Usually package babel writes \select@language in the auxiliary files (table of contents, …) for each specified languages. Then, if some language is removed or changed, babel complains in the next LaTeX run:

! Package babel Error: You haven't loaded the option ... yet.

Package nameref/hyperref

Some packages change internal commands, e.g. nameref/hyperref add additional arguments to the internal label commands inside .aux files and to entries of the table of contents. Running again without the package might cause errors (although some common cases are catched by these packages).

Package macros inside auxiliary files

Packages can provide macros that goes into auxiliary files (.aux, .toc, …). Removing the package might result in undefined macros inside auxiliary files.

If a package adds "top level" macros inside aux files I recommend that the package adds a \providecommand statement at the begin of the .aux file to avoid trouble, if the package is no longer used. For example, zref uses \zref@newlabel for its label and adds a dummy definition at the begin of the .aux file:

\providecommand\zref@newlabel[2]{}

However this trick is hopeless (too many macros), if a package defines lots of macros (font packages, …) that might occur in text arguments (e.g. section titles, …) that go into auxiliary files.

Environment filecontents

Unless package filecontents is loaded, LaTeX's filecontents environment does not overwrite files.
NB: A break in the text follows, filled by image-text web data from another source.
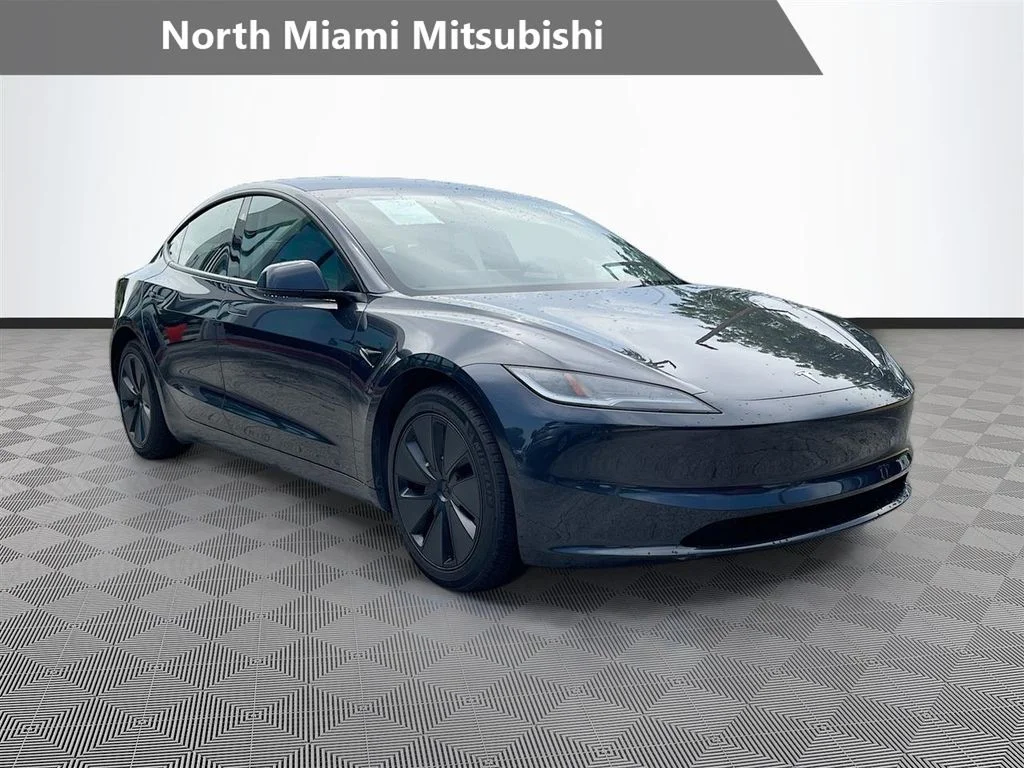 2024 Tesla Model 3 -'s photo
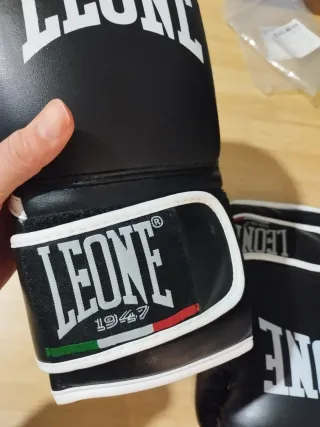 Guantes de boxeo Leone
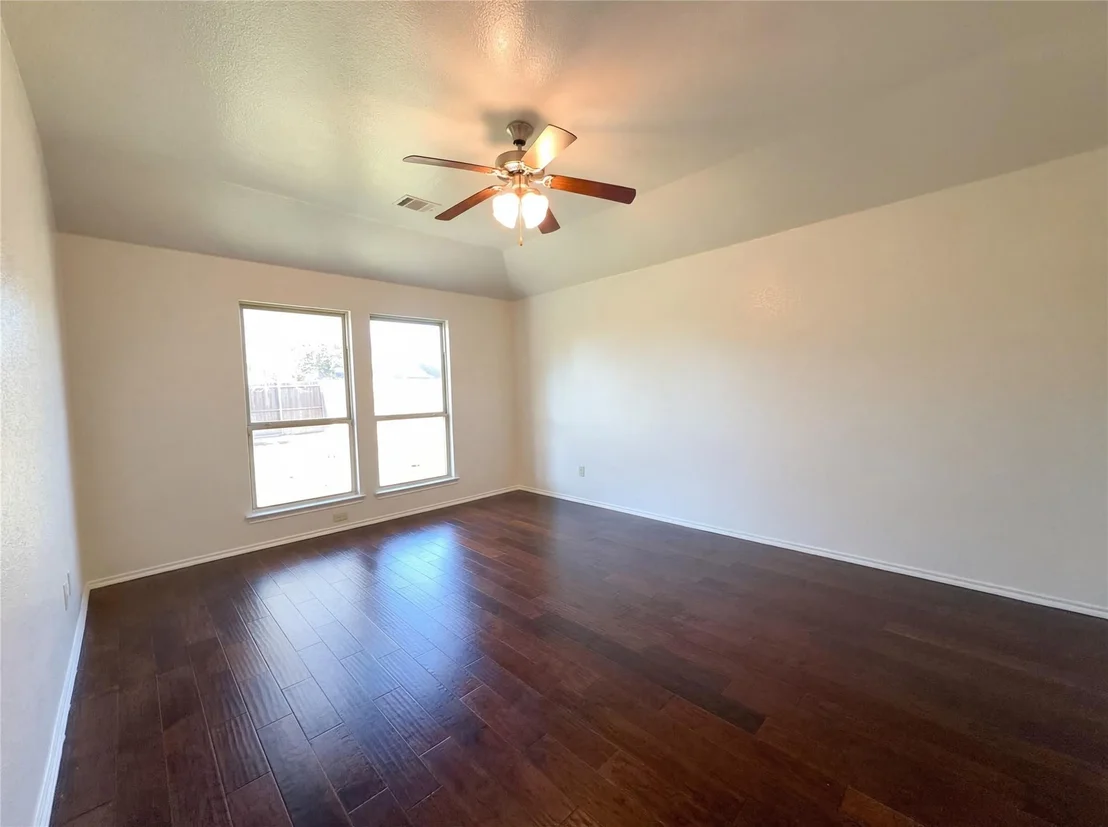 Photo of 5591 Coventry Drive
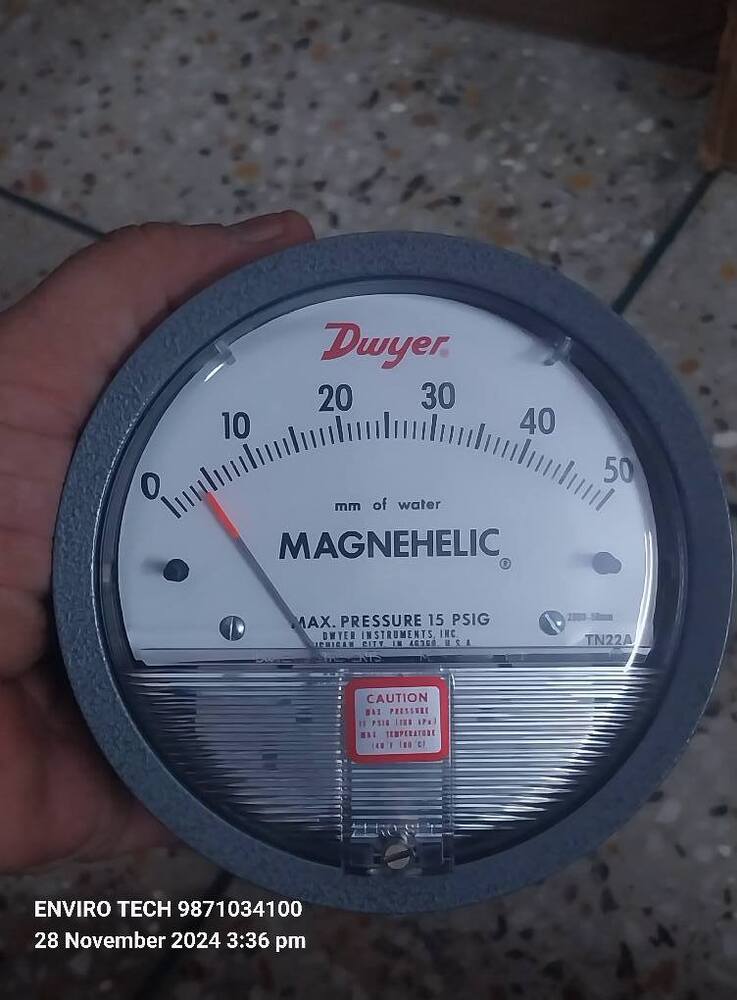 Dwyer Magnehelic Gauge From Karnataka Industrial Area - Accuracy: A 2% (-Ha Model A 1) Of Fs (A 3% (-Ha A 1.5%) On -0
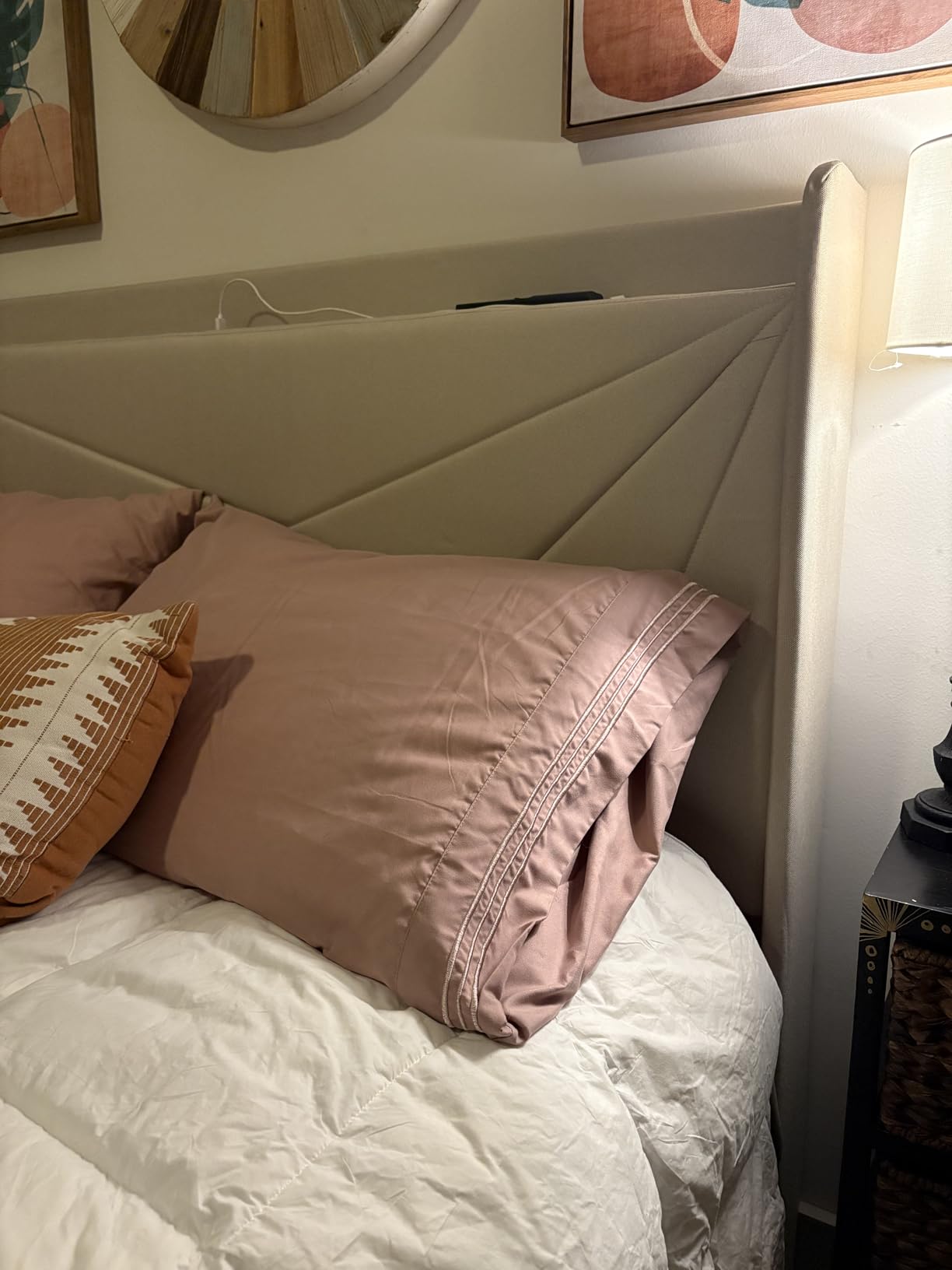 WhatsBedding White Queen Size Feather Down Fiber Comforter, Filled with Feather and Down Fiber, All Season Fluffy Ultra Soft 100% Cotton Duvet Insert, Luxury Hotel Bedding Style Comforter,90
Thus if the TeX file writes something and rereads it for typesetting, then you get a different result, if the lines in the source file inside filecontents are changed. Because without deleting before the next LaTeX run would use the older version.

Summary

Assuming you have always a valid TeX file that compiles correctly from scratch does not mean that it runs successfully or correctly if there are left-over auxiliary files. There can be errors. Or even, if LaTeX runs without errors or warnings, the result can be wrong.

However, it takes much more time to recompiling from scratch until stabilization, therefore it saves time to work with the left-over auxiliary files.

On the other side, the auxiliary files should be cleaned up, if a more reliable and reproducible result is needed.